On-The-Shell Deviled Crab Recipe
5 from 31 ratings
Learn how to make this on-the-shell deviled crab recipe for your next seafood dinner.
Prep Time
Cook Time
stuffed crab shells with chives
Total time: 50 minutes
  • 1 tablespoon butter
  • ½ large white onion, finely chopped
  • 1 tablespoon flour
  • ¼ teaspoon cayenne pepper
  • ½ cup milk
  • ¼ cup hard cider or beer
  • 2 teaspoons Worcestershire sauce
  • 1 tablespoon mayonnaise
  • 1 teaspoon dijon mustard
  • 2 teaspoons lemon juice
  • 7 ounces white crab meat
  • 4 ounces brown crab meat
  • 4 crab shells
  • ¼ cup breadcrumbs
  • 2 tablespoons grated parmesan cheese
Optional Ingredients
  • 1 tablespoon chopped chives
  1. Preheat the oven to 400 F.
  2. Melt the butter over medium-low heat, then use the melted butter to fry the onion for 5 to 7 minutes until softened.
  3. Stir in the flour and cayenne pepper.
  4. Add the milk slowly, stirring after each addition.
  5. Add the cider or beer slowly, as well, also stirring after each addition.

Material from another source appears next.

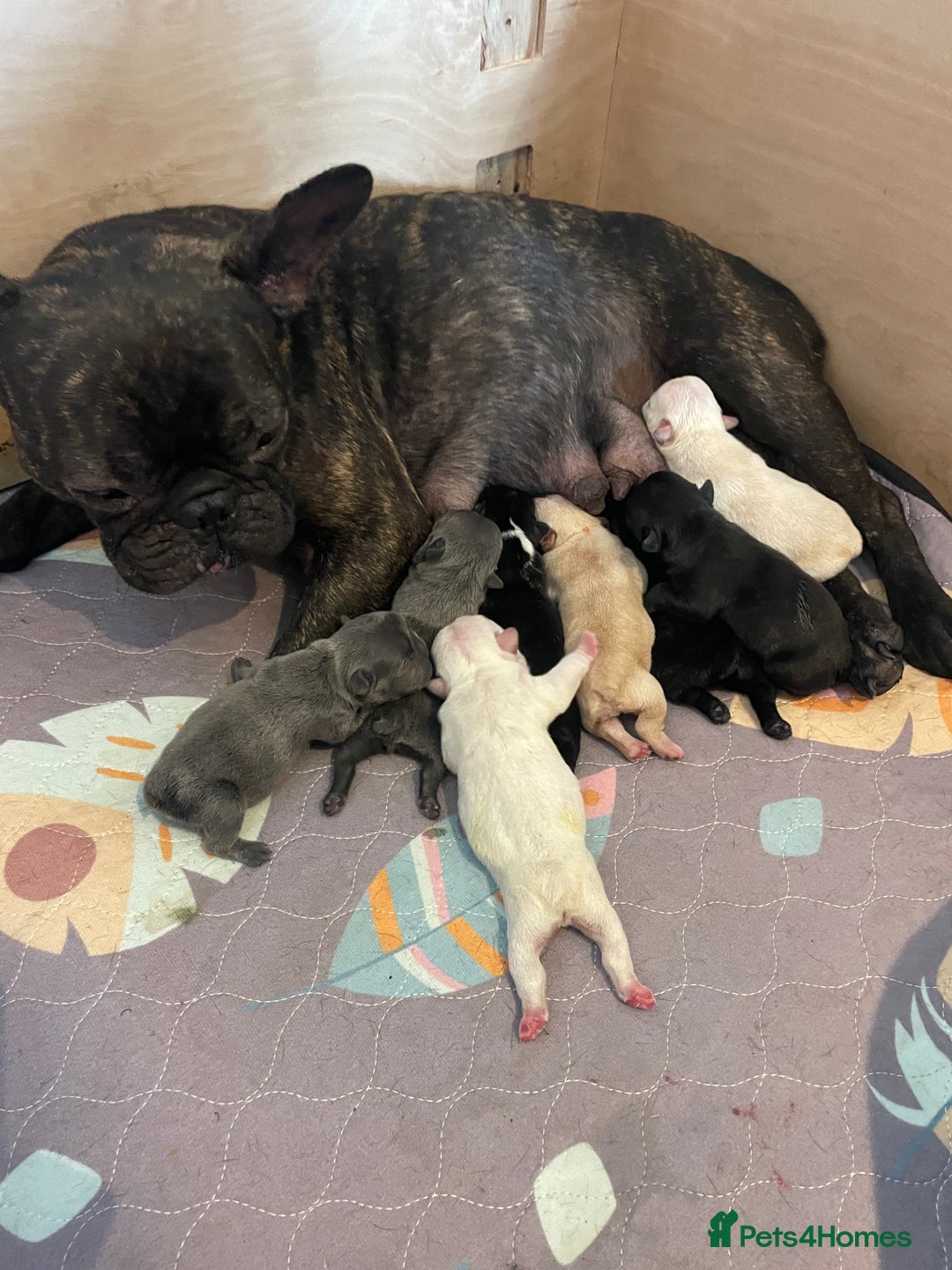 French Bulldog dogs for sale: KC Reg Frenchie Puppies - Image 1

  6. Turn off the heat and stir in the Worcestershire sauce, mayonnaise, mustard, and lemon juice.
  7. Combine the crab meat with the sauce in the pan.
  8. Divide the filling evenly between each shell.
  9. Sprinkle the stuffed crab shells first with the breadcrumbs, then with the parmesan.
  10. Bake the stuffed shells for 25 minutes.
  11. Garnish the deviled crab with chopped chives, if desired.
Calories per Serving 222
Total Fat 9.1 g
Saturated Fat 3.9 g
Trans Fat 0.1 g
Cholesterol 107.3 mg
Total Carbohydrates 11.1 g
Dietary Fiber 0.8 g
Total Sugars 3.2 g
Sodium 691.5 mg
Protein 21.8 g
The information shown is Edamam’s estimate based on available ingredients and preparation. It should not be considered a substitute for a professional nutritionist’s advice.